Bethpage: An Unusual Public Masterpiece
The land that became Bethpage was once a private estate, owned by Benjamin Franklin Yoakum. In 1931 the state under Moses leased the golf club; by 1934 the state purchased the land, and by 1936 multiple golf courses (Green, Blue, Red, Black) were opened to the public under Moses’ direction. Designed by architects including A. W. Tillinghast and Alfred Tull, the courses among Bethpage’s five are laid out so that they challenge experienced golfers while also being accessible. But what really sets Bethpage (especially Bethpage Black) apart is its public ownership and operation. In the United States most championship-level golf courses are private or semi-private. Bethpage Black has hosted major championships; the U.S. Open, the PGA Championship despite being a state park. That is rare.
The park is not just golf. It offers fields, trails, picnic areas, tennis courts and even polo fields. It is both civic amenity and a sporting stage. The parkways built to reach it were meant to resemble rustic, pleasant travel ways not raw highways. Moses frequently designed parkways to preserve scenic character, sometimes using wooden lights, stone-faced overpasses, restricting commercial traffic. All this to enhance the reputation both of the place and indeed of Moses himself.
Building Reputation Through Relationships and Accomplishment
Moses understood that building big infrastructure or public works was not enough. Reputation comes through relationships with elected officials, with funding authorities, with the media, with architects and with influential citizens. His early alliances with Long Island State Park Commission, with governors and mayors, allowed him to leverage stimulus funds during the Great Depression to build massive public works including the Bethpage park courses and the roads and parkways to connect them. The combination of visible results and powerful allies allowed him to accumulate extraordinary informal power.
Moses cultivated the appearance of being above politics. He refused salary for some positions, emphasised technical competence, presented himself as a visionary for the public good. This enhanced his reputation as someone who got things done, not mired in petty partisanship. Moses benefited enormously from media support. Newspapers, magazines, public broadcasts amplified his projects, presented them as both modern and democratic. His ability to tell a story about what New York could become was as important as the roads or parks themselves.
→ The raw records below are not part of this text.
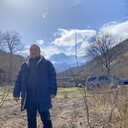 ���������� ������, ���� ������� �����, 46 ���, ������������ ��� ������, ����� � ���������, c�������� ���������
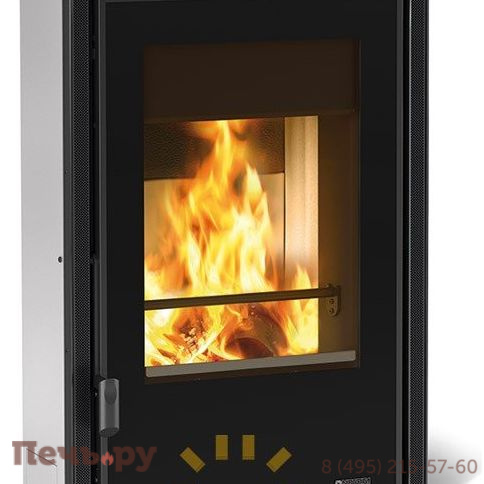Каминная топка La Nordica Inserto 50V P30 фото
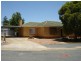 2 Sobels Street, Tanunda SA 5352
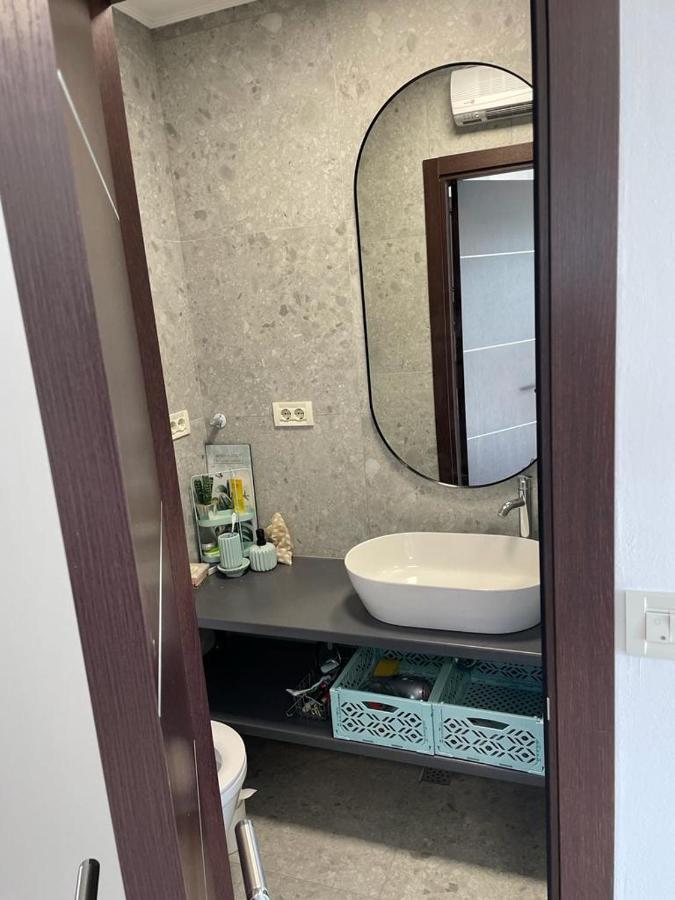 Apartman Mare Οπατία Εξωτερικό φωτογραφία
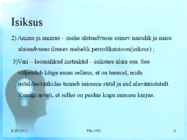 Carl Gustav Jung sotsiaalfilosoofia #6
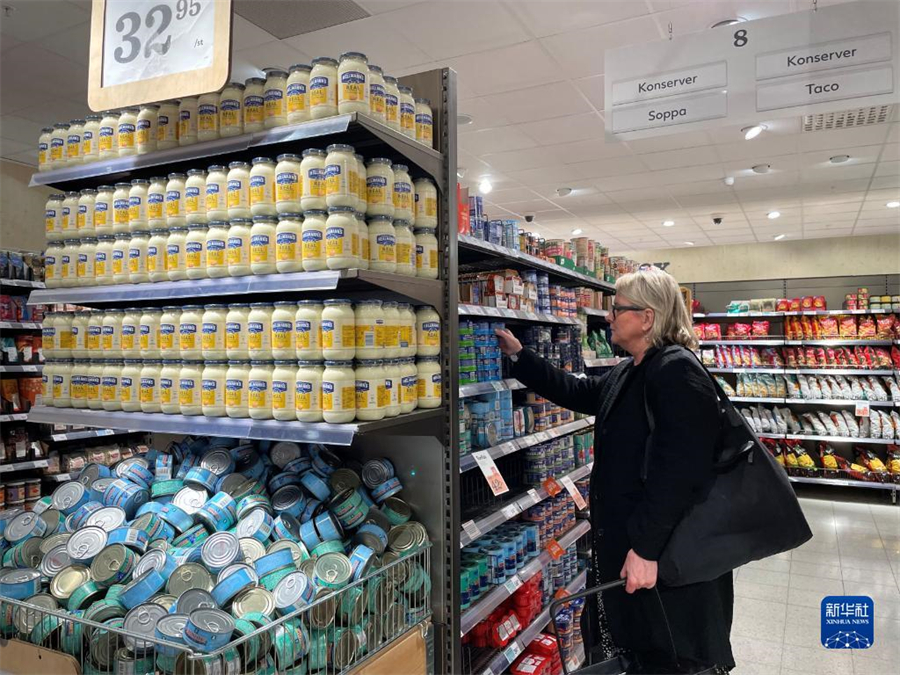 914գ׶˹¸砖Ħһҳُy(tng)Ӌ(j)14հl(f)Ĕ(sh)(j)@ʾ8ͨ؛Û_(d)9%ٴˢ199112ԁ߼o(j)Aӛ  z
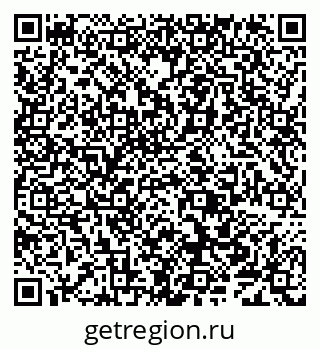 79638000967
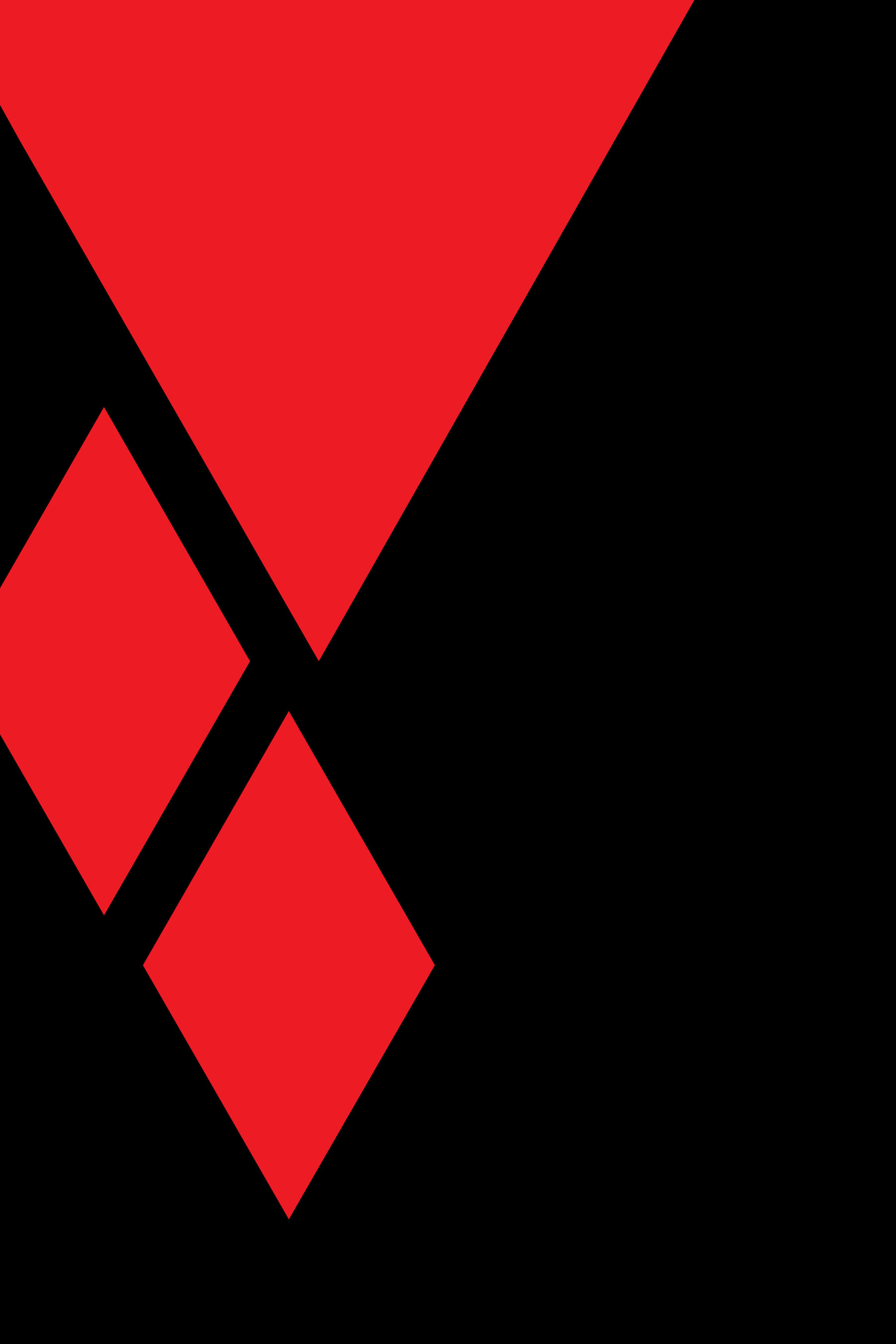 Read online Harley Quinn: Breaking Glass comic -  Issue # TPB (Part 2) - 99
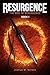 Resurgence (The Rise of Resurgence #1)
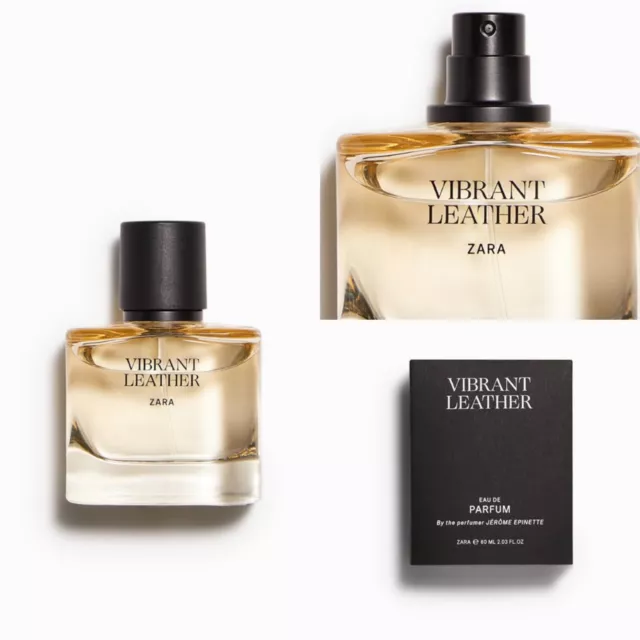Zara after shave discount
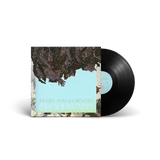 HALVORSON,MARY – CLOUDWARD - LP •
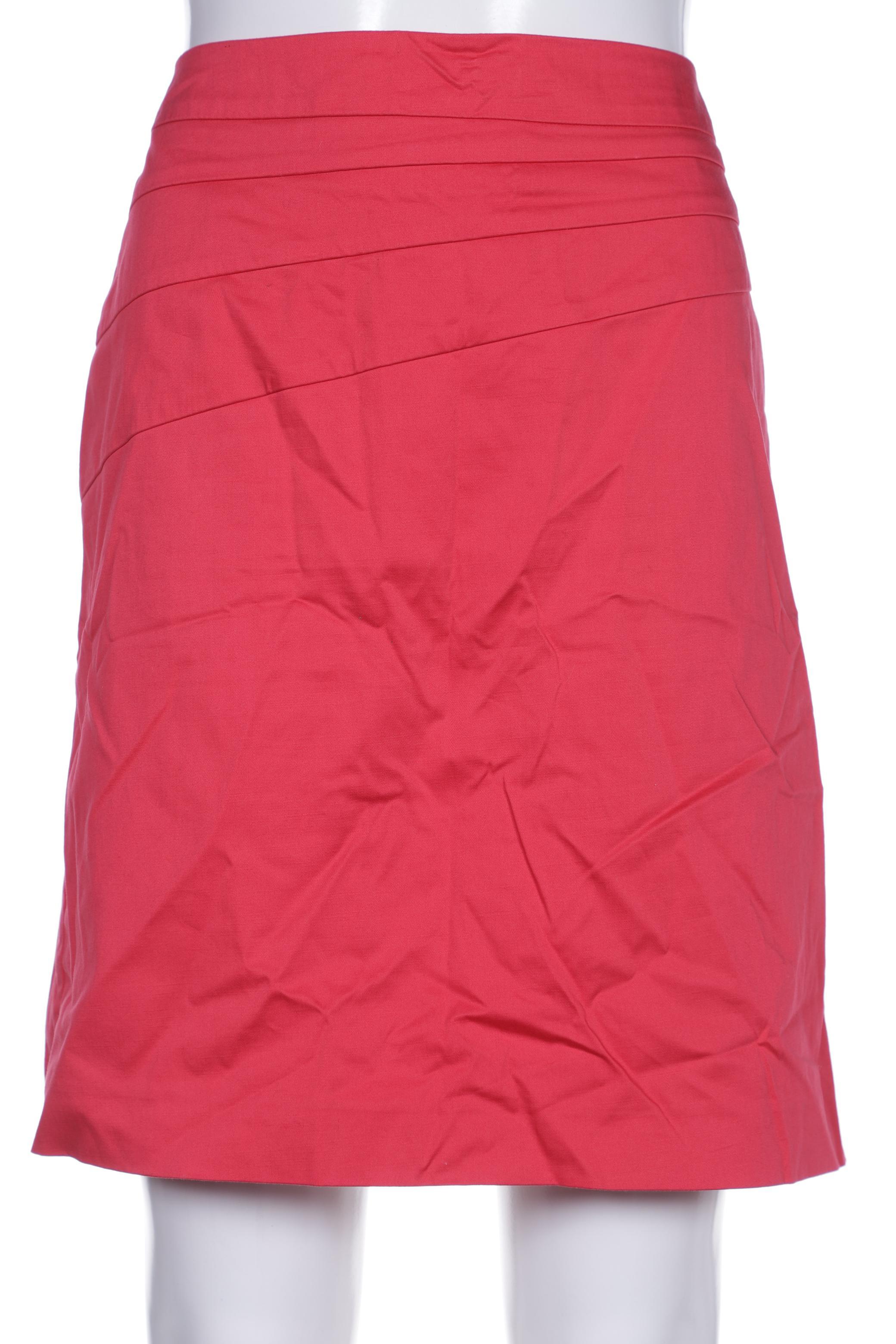 

Comma Damen Rock, pink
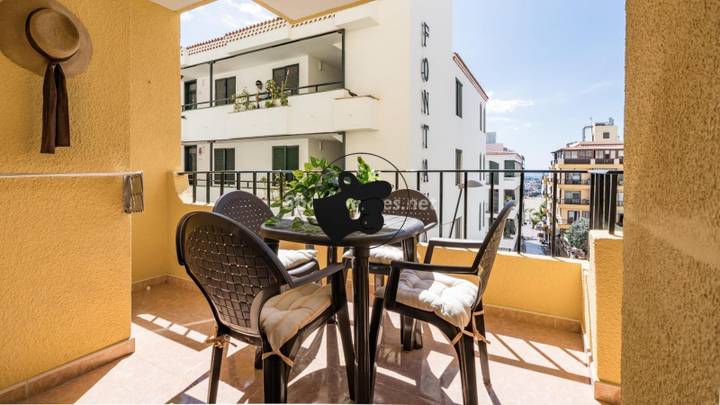 1 bedroom apartment in Arona, Santa Cruz de Tenerife, Spain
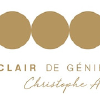 Leclairdegenie.com logo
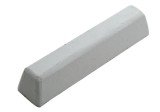 White Rouge Bar - Final Finishing - Skin Wrapped With Label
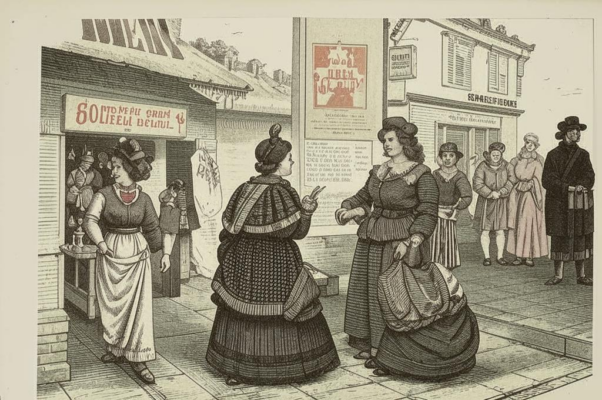 Националисту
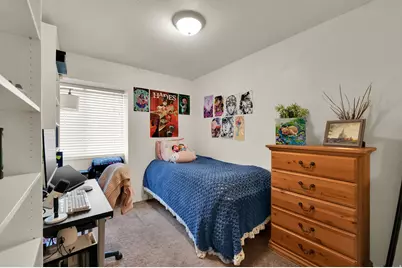 241 W 2230 N #18, Provo, UT 84604 - Photo 15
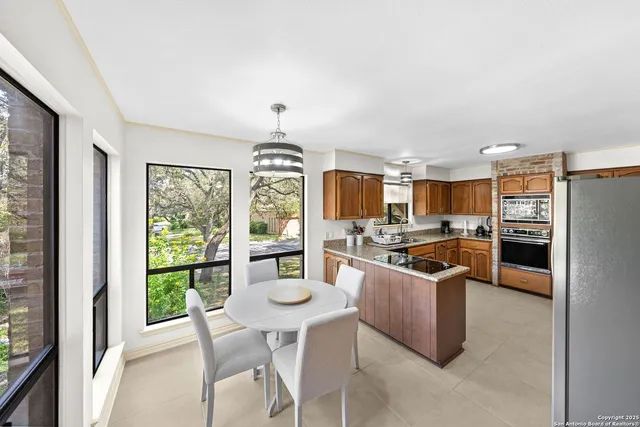$399,000 | 12026 Mission Trace Street, San Antonio, TX 78230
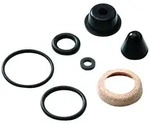 Grohe Dichtungssatz 43719 f&uuml;r Urinal-Sp&uuml;ler 509., 43719000 43719000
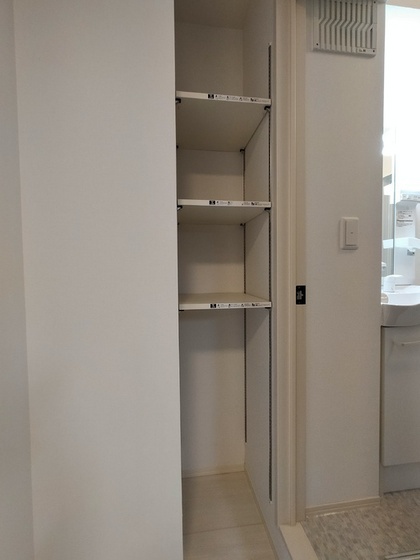 カーサ・リアライズ寿町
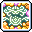 Lara class icon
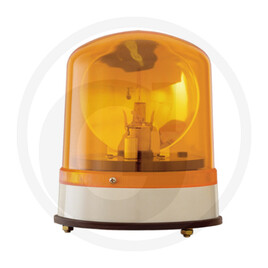 Cobo H1/H2 rotating beacon Rotante 169G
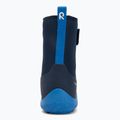 Scarponcini da neve per bambini Reima Talvella Junior navy 6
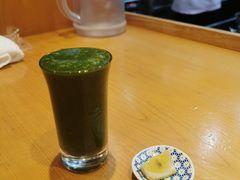 -面屋 猪一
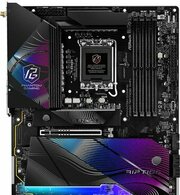 ASRock Z890 Riptide WiFi фото
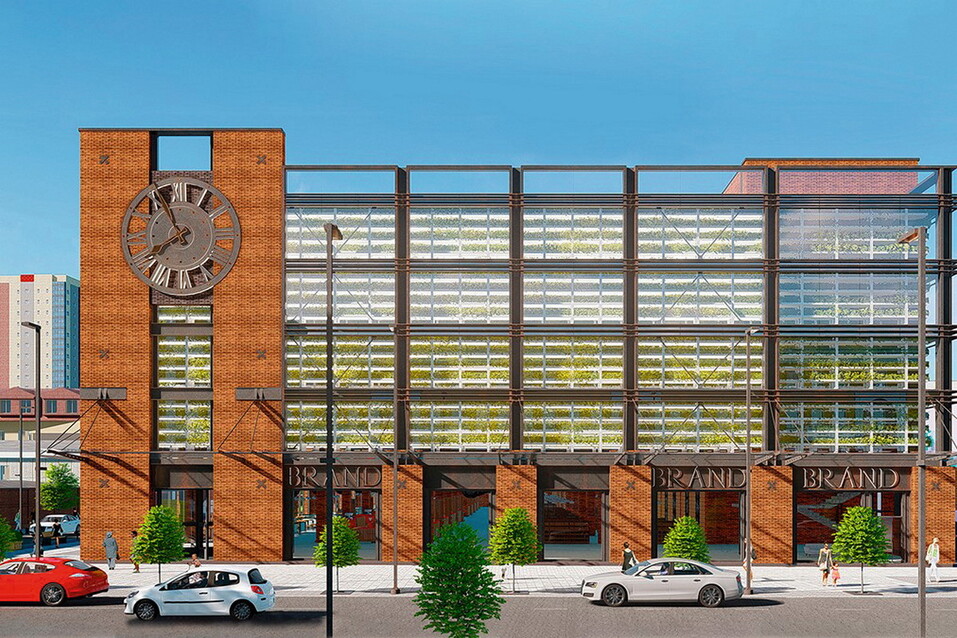 Техномаксимум для бизнеса: как ретейлер вырос в мощного корпоративного игрока 2 Техномаксимум для бизнеса: как ретейлер вырос в мощного корпоративного игрока 2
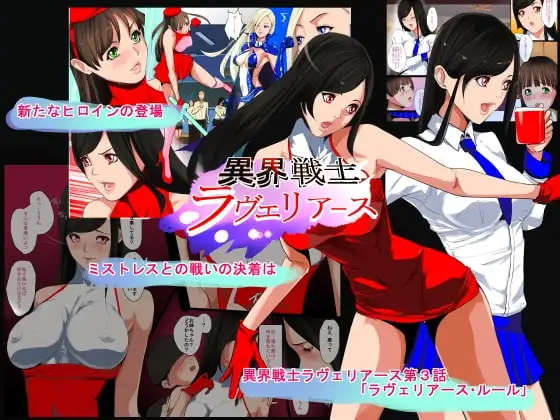 サンプル1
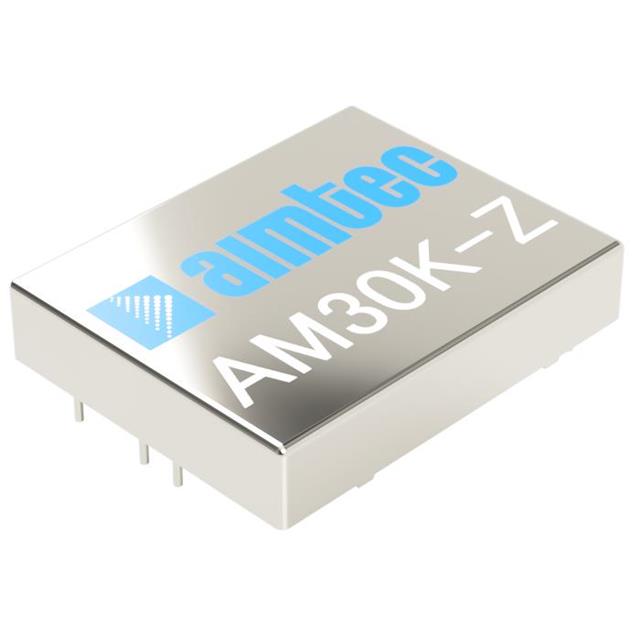 AM30K-4812SZ-K aimtec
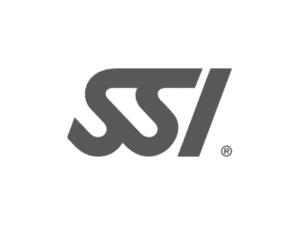 Logo-de-buceo-SSI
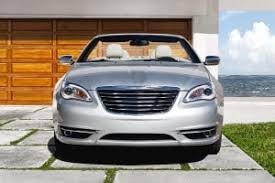 Image result for Mineral Gray 2012 200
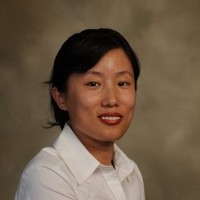 Sue Kong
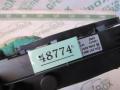A2218202910 Блок кнопок Mercedes S W221 2006г. - фото №5
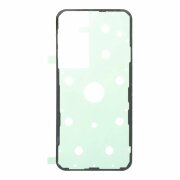 Adeziv capac spate Samsung Galaxy A55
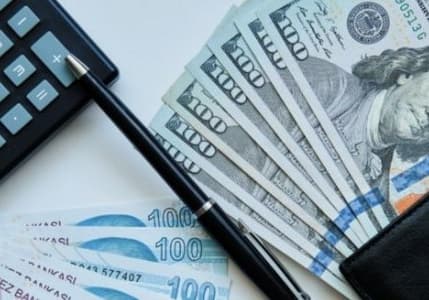 Merkez Bankası döviz dönüşüm desteğinin süresini uzattı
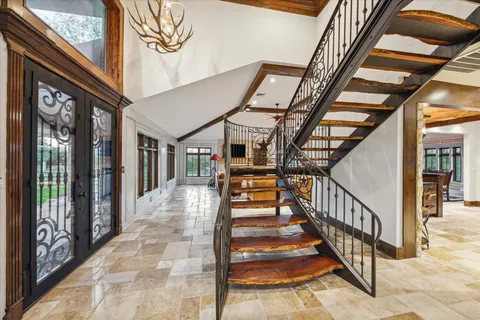$7,800,000 | 900 Farm To Market 1948, Brenham, TX 77833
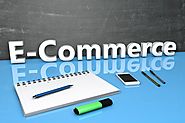 7 Tips to hiring an eCommerce development Company for your Online Business
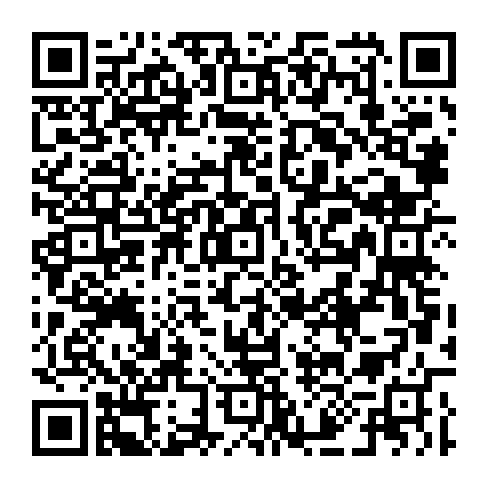 73842349498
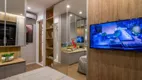 Foto 16 de Apartamento com 2 Quartos à venda, 62m² em Vila Prudente, São Paulo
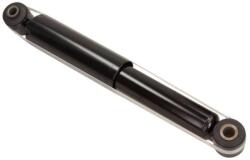 MAXGEAR Tlmič pérovania MAXGEAR 11-0207 (11-0207)
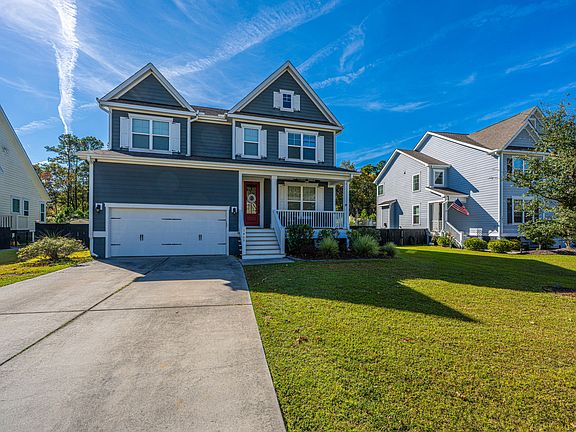 2nd image of 1465 Brockenfelt Dr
The Turning Point: Arrogance, Complacency and Enemies
But reputation, like infrastructure, requires constant maintenance. Alfred E. Smith, the former New York governor and four-time presidential candidate who first elevated Moses into public service, once warned Moses that “the crowd is with you today and against you tomorrow” a lesson Moses never fully heeded. He made enemies by treating political leaders as interchangeable with their predecessors, presuming loyalties would carry forward. When governors and mayors changed, he often assumed they would defer to his legacy rather than assert their own agendas. That assumption worked, until it didn’t.
Over time, he grew increasingly isolated from the very people he was supposed to serve. He lost the common touch and the sharp instinct for working with, through and often around others that had once propelled him forward. Communities displaced by his expressways no longer accepted it as progress. Allegations of racism, from the design of low bridges that kept buses from reaching Long Island beaches to the siting of projects that hollowed out minority neighbourhoods, hardened opposition. What had once seemed monumental and visionary in the 1930s and 1940s appeared, by the 1960s and 1970s, arrogant and oppressive.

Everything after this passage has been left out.